Nu begrijpen we ook beter wat het verschil is tussen bouwen met goud, zilver en kostbaar gesteente en bouwen met hout, hooi of stro. Hoe meer menselijke denkkracht en menselijke ijver deel uitmaken van het bouwmateriaal, hoe brandbaarder het is. Een ouderling die op zijn bezoek in de gemeente geconfronteerd wordt met een moeilijke situatie zal eerst bidden om wijsheid van boven en vervolgens zal hij misschien proberen om een oplossing aan te dragen. Dat gebed heeft meer kwaliteit dan de aangedragen oplossing. Een dominee is 's morgens aan het studeren in Gods Woord ter voorbereiding van de preek, maar hij denkt ook na over een aansprekende inleiding en voorbeelden. Al is het allebei onderdeel van zijn opdracht, het eerste heeft meer houdbaarheid dan het tweede. Dat geldt ook voor de activiteit van 's middags als je die vergelijkt met de preekvoorbereiding van 's morgens. 's Middags heeft hij namelijk een vergadering over de inrichting van het kerkverband. In die vergadering wordt nagedacht over het toepassen van verschillende kerkordeartikelen, maar dan maakt iemand de opmerking dat de basis voor al die afspraken gelegen is in de onderlinge geestelijke band tussen de gemeenten en de daaruit voortvloeiende verantwoordelijkheid. Dat laatste besef is minder brandbaar dan de concrete regel die op basis daarvan bedacht is. Een zuster uit de gemeente is bezig met het organiseren van een gemeenteactiviteit, maar krijgt ondertussen een gesprek met iemand over de verwachting van de komst van Christus. Dat gesprek zal meer vuurbestendig zijn dan de organisatie van die activiteit.

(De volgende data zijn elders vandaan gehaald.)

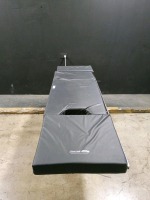 STERIS 3085 SP OR TABLE WITH HAND CONTROL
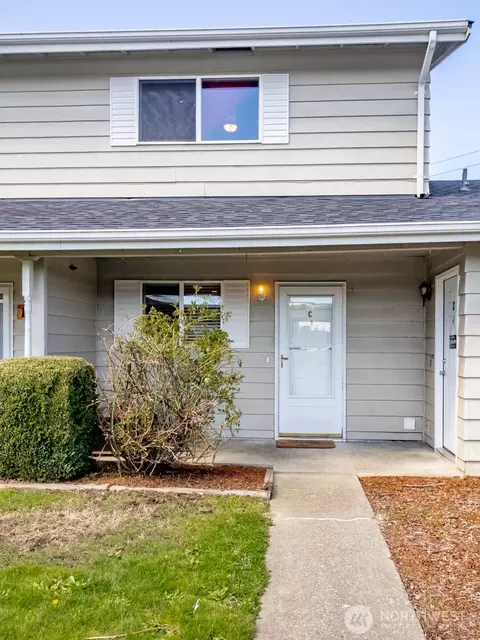 12416 SE 272nd # C, Kent, WA 98030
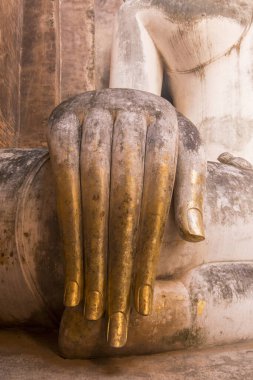 Buda 'nın Wat Si Chum' daki tarihi parktaki Provinz Sukhothai, Tayland 'da. Tayland, Sukhothai, Kasım 2019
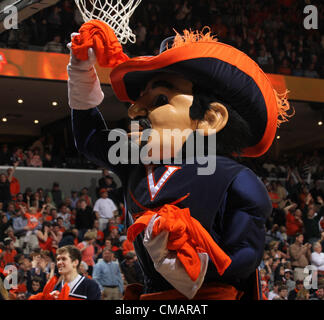 Febbraio 25, 2012 - Charlottesville, Virginia, Stati Uniti - Virginia Cavalier mascotte durante la partita contro la Carolina del Nord di Charlottesville, Virginia North Carolina sconfitto Virginia 54-51. (Credito Immagine: © Andrew Shurtleff/ZUMAPRESS.com) Foto Stock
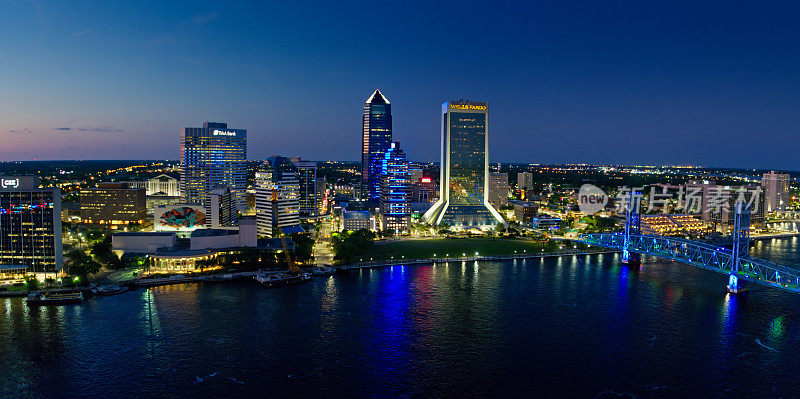 杰克逊维尔市中心滨河暮色的航拍全景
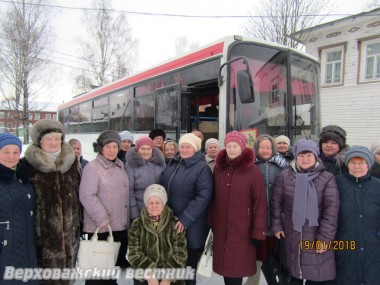 Фото на память о поездке у автобуса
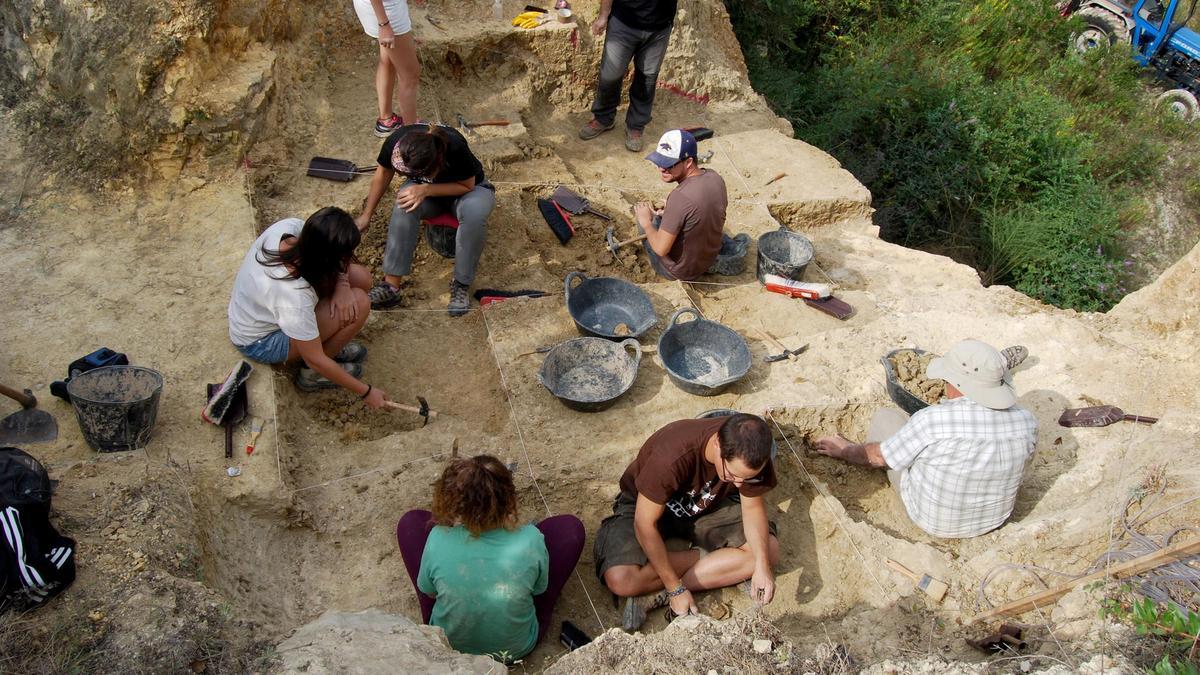 Investigadors al jaciment d'Incarcal.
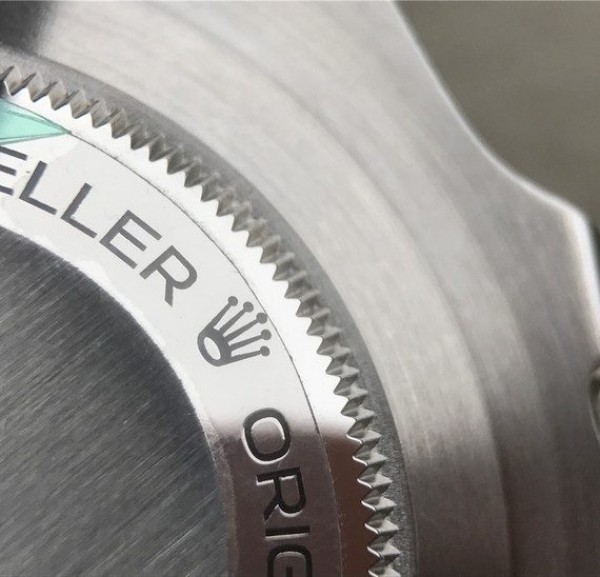 Replica Rolex Sea-Dweller 2017 Baselworld 126600 ARF 904L Bracelet A2824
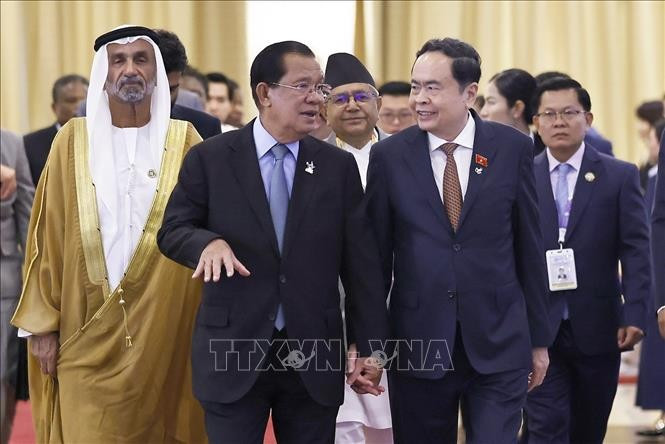El presidente del Partido Popular y titular del Senado de Camboya, Samdech Techo Hun Sen, recibe al máximo dirigente legislativo de Vietnam, Tran Thanh Man. El presidente del Partido Popular y titular del Senado de Camboya, Samdech Techo Hun Sen, recibe al máximo dirigente legislativo de Vietnam, Tran Thanh Man.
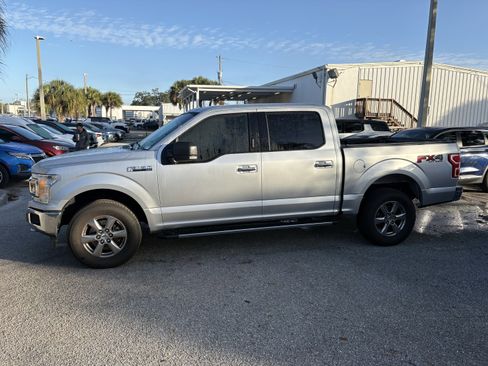 Used 2018 Ford F150 XLT w/ Equipment Group 302A Luxury image 4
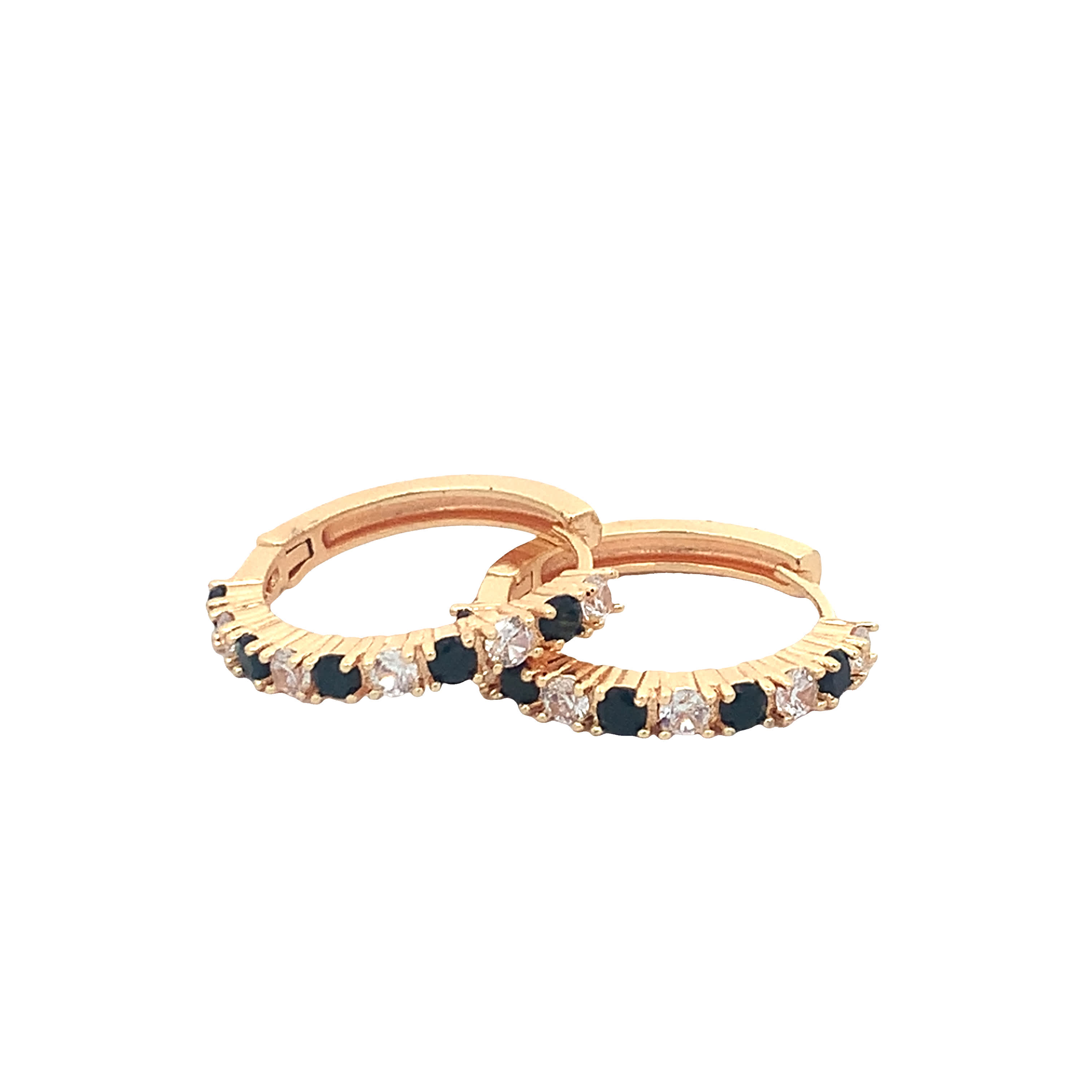 Kolczyki koła w kolorze żółtego złota z diamentami i akcentami onyksowymi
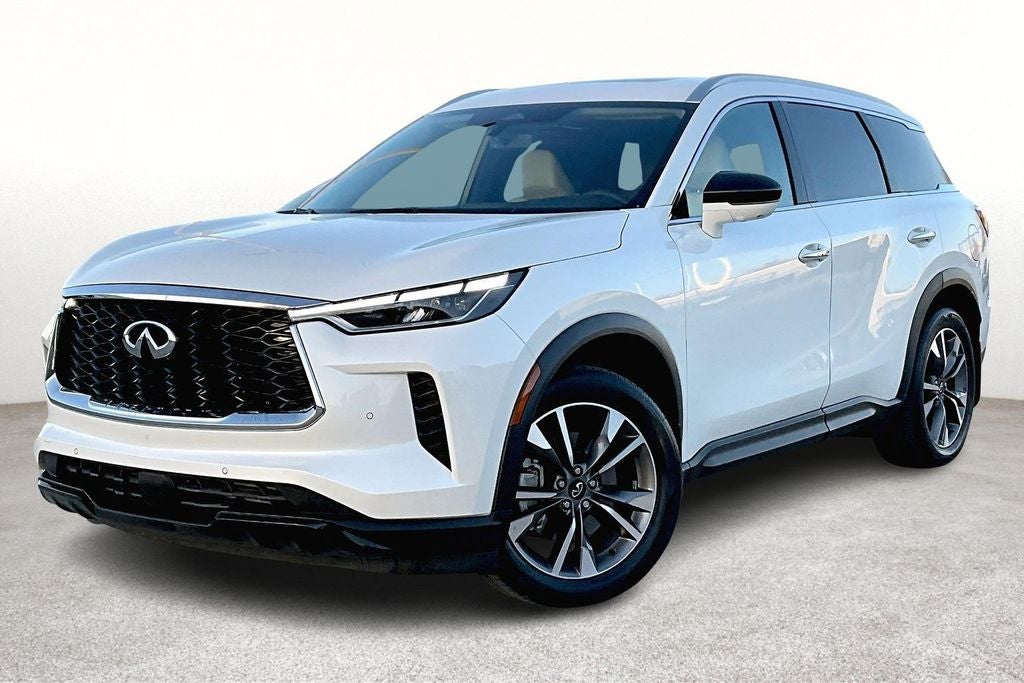 2025 INFINITI QX60 LUXE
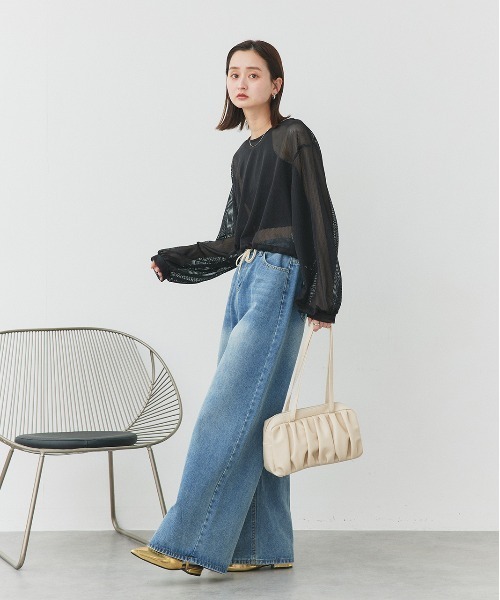 ad thie(アドティエ)の「ショート丈 ドロストメッシュプルオーバー(Tシャツ/カットソー・レディース・ブラック/オフホワイト・FREE)」の5枚目の写真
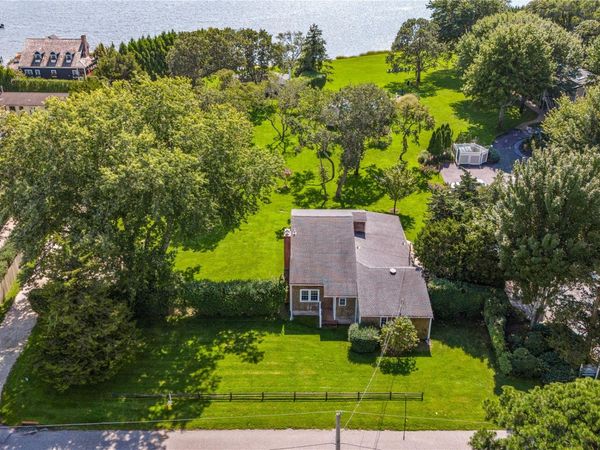 70 Middle Pond Road, Unit 22, Southampton, NY 11968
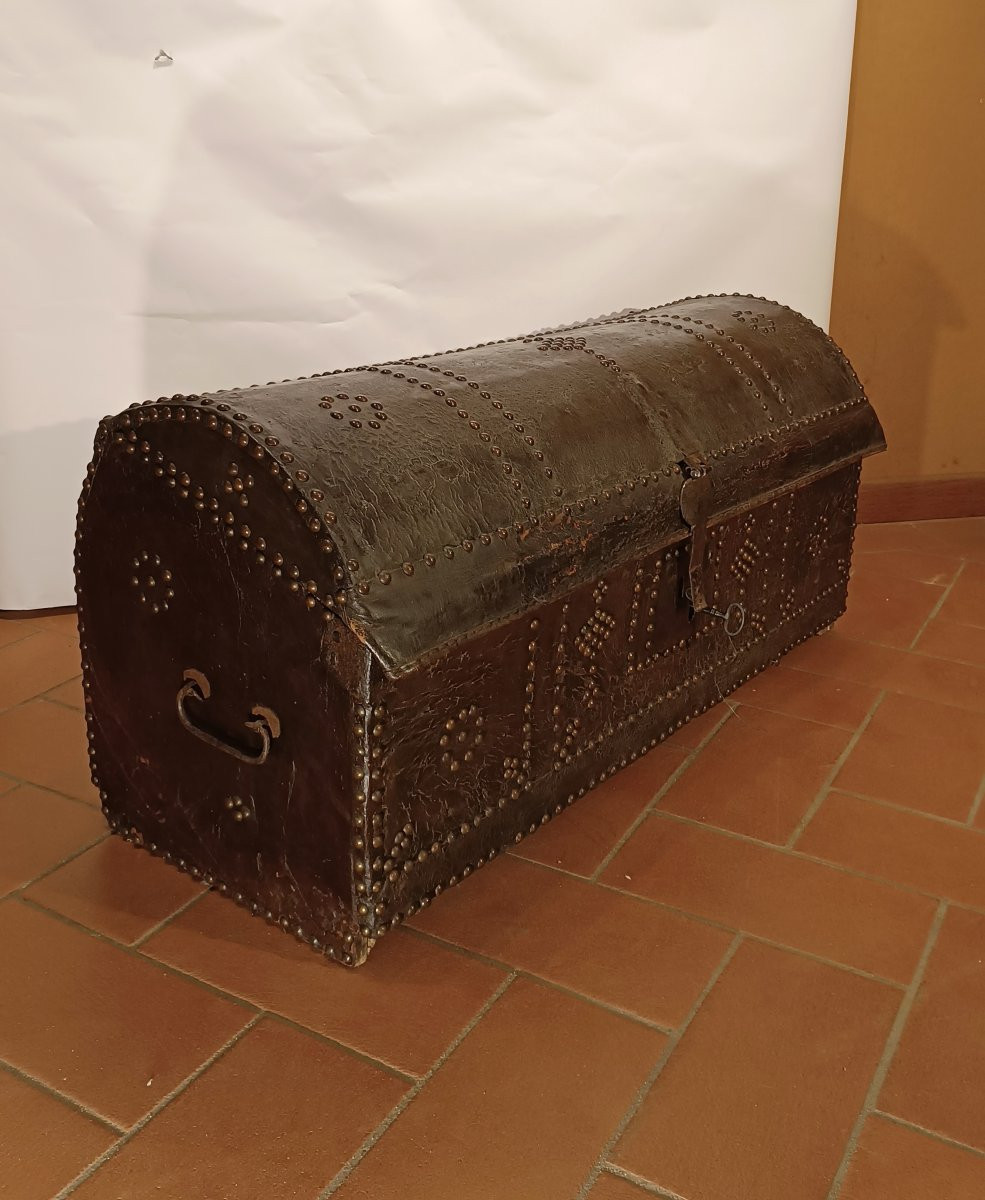 BAULE DA CARROZZA IN CUOIO FINE XVII SECOLO-photo-2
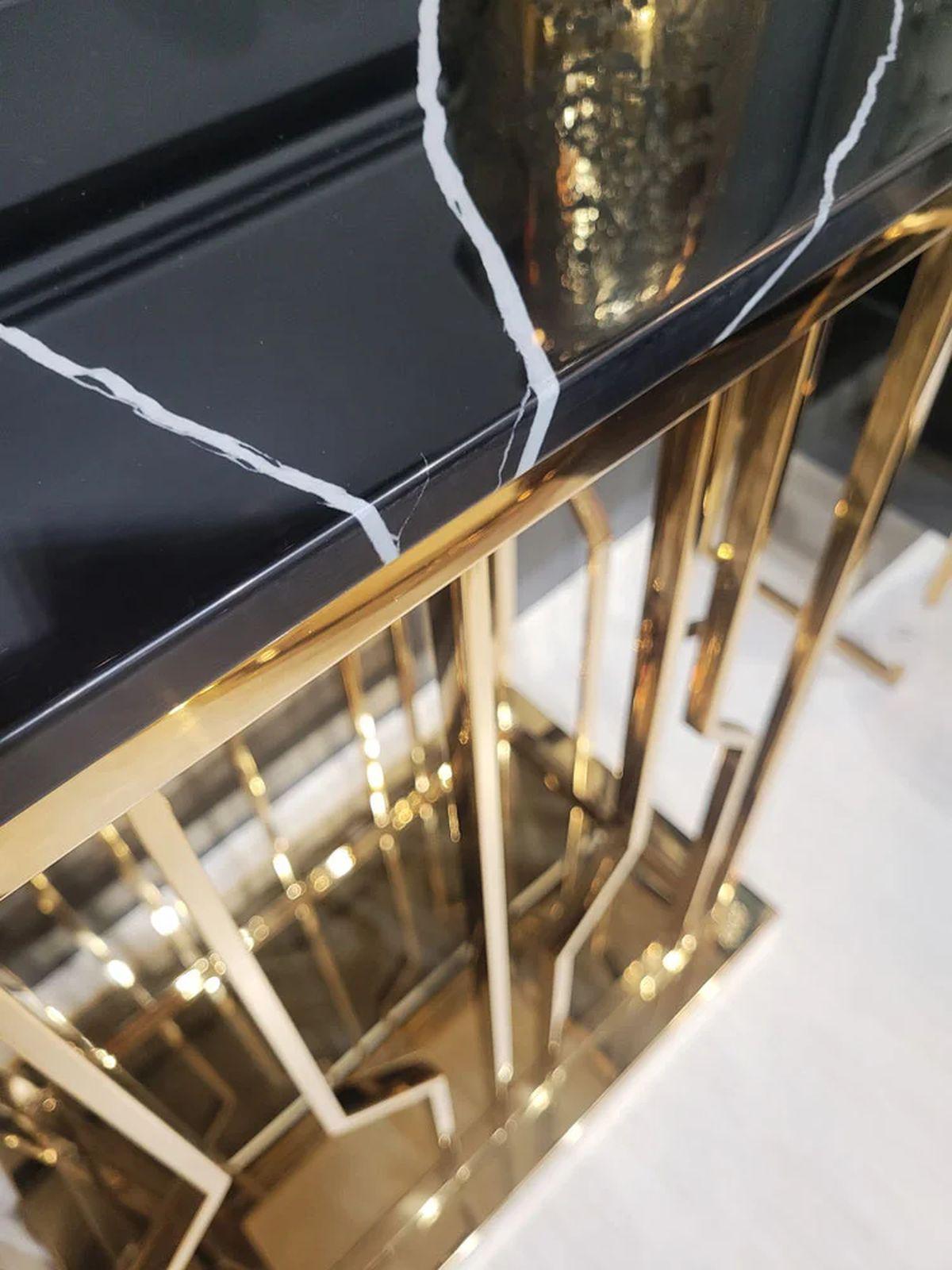 KONSOLA GROSSE LE MANS CZARNY SYNTETYCZNY MARMUROWY BLAT / ZŁOTA PODSTAWA / ART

Zo wordt er gebouwd met allerlei materialen. Maar wel op het fundament. Dat geldt zelfs voor het stro. Daarmee is het niet verkeerd om met hout of stro te bouwen. Als er maar wel op het goede fundament gebouwd wordt. Het gaat er niet om dat bouwen met stro minder goed is dan bouwen met goud, maar dat het minder bestendig is. Maar wie helemaal of voor een deel vertrouwt op zijn eigen bouwwerk, gaat beschaamd uitkomen. Want dan komt je eigen redding in gevaar. De ravage in Londen had voorkomen kunnen worden als men oog had gehad voor het brandbare bouwmateriaal. De geestelijke ravage in vanouds gereformeerde kerken had voorkomen kunnen worden als men niet had vertrouwd op het mooie kerkelijke gebouw en alle kerkelijke voorzieningen, maar op het eigen Woord van God. Nu is dat mooie gebouw uitgehold, de brand gaat erin, zodat zelfs dat mooie gebouw instort. Laten wij nu niet opnieuw ons vertrouwen stellen op hout, hooi en zelfs niet op goud en kostbaar gesteente, maar op het vaste fundament van Gods liefde en genade in Jezus Christus door de gemeenschap van de Heilige Geest. Dat geloof geeft rust om te bouwen in gehoorzaamheid aan Gods Woord.

 

LH

© 2024 GK Zwijndrecht e.o.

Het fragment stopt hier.